WHAT IS NEEDED >> Among the entries below, find each line holding "closet" and return it.

SOURCE DATA >>
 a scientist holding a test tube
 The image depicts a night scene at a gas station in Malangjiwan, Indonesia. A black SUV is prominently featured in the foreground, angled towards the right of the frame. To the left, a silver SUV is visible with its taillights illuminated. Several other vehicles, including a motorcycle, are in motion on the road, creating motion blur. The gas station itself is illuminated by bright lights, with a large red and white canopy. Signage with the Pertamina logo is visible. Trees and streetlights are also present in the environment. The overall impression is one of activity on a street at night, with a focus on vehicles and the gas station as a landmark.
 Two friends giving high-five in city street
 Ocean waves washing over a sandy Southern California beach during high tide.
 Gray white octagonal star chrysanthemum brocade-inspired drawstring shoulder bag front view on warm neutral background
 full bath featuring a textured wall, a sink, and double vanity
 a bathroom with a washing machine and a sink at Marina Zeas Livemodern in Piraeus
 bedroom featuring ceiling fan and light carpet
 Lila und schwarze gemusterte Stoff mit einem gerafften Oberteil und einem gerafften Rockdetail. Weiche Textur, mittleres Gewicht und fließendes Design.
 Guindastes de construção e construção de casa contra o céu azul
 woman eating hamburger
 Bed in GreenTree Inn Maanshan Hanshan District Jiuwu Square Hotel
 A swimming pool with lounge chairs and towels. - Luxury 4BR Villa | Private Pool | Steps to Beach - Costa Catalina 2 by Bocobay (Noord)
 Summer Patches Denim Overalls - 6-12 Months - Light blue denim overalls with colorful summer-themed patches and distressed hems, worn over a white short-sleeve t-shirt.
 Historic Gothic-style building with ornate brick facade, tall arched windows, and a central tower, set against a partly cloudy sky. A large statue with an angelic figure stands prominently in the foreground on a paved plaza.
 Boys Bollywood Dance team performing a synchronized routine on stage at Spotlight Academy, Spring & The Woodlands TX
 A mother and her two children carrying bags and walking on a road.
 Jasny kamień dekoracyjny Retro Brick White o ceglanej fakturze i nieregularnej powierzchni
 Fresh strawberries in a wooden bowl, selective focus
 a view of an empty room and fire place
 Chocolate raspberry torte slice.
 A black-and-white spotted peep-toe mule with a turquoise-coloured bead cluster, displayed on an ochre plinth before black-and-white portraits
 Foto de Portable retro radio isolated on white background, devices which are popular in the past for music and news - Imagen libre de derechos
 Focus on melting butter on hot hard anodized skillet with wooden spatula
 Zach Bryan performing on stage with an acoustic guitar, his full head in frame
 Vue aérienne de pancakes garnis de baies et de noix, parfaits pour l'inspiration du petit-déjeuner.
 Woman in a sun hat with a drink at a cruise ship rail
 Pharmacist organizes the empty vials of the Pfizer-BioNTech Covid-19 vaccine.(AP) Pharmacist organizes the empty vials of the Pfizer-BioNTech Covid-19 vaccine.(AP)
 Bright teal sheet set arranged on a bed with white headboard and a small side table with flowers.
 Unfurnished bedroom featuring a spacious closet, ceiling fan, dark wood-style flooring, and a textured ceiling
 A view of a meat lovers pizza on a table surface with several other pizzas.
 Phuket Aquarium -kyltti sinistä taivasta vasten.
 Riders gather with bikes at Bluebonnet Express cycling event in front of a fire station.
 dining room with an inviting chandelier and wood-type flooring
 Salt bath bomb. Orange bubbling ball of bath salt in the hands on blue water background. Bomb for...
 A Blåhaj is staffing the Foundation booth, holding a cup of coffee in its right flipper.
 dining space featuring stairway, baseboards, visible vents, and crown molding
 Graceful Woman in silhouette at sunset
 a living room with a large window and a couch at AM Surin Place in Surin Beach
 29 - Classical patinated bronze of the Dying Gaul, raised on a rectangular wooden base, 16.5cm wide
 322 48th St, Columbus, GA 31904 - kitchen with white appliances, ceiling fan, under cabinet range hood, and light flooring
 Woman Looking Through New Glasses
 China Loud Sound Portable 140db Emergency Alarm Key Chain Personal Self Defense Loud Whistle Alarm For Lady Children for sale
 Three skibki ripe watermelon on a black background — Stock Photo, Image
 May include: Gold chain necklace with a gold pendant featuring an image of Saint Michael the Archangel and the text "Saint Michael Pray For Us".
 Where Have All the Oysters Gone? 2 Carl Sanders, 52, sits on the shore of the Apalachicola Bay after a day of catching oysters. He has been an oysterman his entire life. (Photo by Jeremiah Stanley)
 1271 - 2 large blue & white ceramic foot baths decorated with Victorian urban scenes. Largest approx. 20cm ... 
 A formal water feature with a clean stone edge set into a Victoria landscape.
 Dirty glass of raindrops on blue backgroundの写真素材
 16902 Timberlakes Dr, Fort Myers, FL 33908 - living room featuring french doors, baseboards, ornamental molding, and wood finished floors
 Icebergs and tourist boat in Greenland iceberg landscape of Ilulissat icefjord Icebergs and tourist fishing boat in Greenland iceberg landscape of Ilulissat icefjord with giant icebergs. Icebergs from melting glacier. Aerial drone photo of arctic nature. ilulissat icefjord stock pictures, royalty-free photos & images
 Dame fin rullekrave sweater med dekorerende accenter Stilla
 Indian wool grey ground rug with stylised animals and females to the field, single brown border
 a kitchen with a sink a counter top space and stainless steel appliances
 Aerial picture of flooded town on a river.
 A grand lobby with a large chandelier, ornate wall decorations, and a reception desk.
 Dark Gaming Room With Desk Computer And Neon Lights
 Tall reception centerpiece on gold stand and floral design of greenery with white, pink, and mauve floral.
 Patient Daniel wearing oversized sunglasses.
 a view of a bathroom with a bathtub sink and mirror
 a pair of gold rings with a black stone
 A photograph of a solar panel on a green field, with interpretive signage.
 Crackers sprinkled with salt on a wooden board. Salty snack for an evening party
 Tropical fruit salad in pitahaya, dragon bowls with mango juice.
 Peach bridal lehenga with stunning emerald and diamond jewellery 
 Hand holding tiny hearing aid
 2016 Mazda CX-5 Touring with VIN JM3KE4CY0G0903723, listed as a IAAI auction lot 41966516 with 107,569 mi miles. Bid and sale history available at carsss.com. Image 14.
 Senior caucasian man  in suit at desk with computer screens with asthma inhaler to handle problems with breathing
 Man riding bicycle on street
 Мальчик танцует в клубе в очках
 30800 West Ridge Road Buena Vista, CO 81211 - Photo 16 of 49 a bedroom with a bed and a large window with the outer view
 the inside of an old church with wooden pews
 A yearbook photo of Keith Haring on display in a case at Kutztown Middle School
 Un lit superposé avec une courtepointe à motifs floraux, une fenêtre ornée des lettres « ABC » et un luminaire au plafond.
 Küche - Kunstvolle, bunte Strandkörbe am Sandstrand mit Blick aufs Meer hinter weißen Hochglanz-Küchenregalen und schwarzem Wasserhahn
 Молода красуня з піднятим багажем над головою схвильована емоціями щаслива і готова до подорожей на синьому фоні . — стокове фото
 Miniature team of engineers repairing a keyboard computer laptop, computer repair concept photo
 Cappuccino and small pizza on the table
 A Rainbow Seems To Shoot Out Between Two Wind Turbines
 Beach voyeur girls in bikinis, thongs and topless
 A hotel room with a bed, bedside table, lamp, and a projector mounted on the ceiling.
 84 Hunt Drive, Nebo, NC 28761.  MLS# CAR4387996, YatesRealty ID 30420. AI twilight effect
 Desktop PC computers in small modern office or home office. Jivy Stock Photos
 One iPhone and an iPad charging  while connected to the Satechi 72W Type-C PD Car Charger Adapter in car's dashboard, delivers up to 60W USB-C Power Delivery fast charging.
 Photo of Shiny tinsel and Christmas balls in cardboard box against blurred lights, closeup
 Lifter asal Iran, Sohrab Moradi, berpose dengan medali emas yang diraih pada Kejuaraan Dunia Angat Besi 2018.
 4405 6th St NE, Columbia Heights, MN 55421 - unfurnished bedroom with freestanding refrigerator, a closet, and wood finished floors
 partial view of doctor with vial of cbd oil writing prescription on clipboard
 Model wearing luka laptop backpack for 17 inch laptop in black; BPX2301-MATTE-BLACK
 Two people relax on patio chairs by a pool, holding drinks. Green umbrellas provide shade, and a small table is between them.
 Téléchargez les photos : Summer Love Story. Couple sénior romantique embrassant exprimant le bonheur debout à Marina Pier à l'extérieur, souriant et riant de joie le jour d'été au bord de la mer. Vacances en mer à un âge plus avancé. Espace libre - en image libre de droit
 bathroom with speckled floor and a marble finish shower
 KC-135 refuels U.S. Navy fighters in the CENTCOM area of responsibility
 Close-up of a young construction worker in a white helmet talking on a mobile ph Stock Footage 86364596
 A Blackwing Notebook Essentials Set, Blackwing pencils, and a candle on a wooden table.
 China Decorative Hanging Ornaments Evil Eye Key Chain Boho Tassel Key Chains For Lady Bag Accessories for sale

RESPONSE >>
 Unfurnished bedroom featuring a spacious closet, ceiling fan, dark wood-style flooring, and a textured ceiling
 4405 6th St NE, Columbia Heights, MN 55421 - unfurnished bedroom with freestanding refrigerator, a closet, and wood finished floors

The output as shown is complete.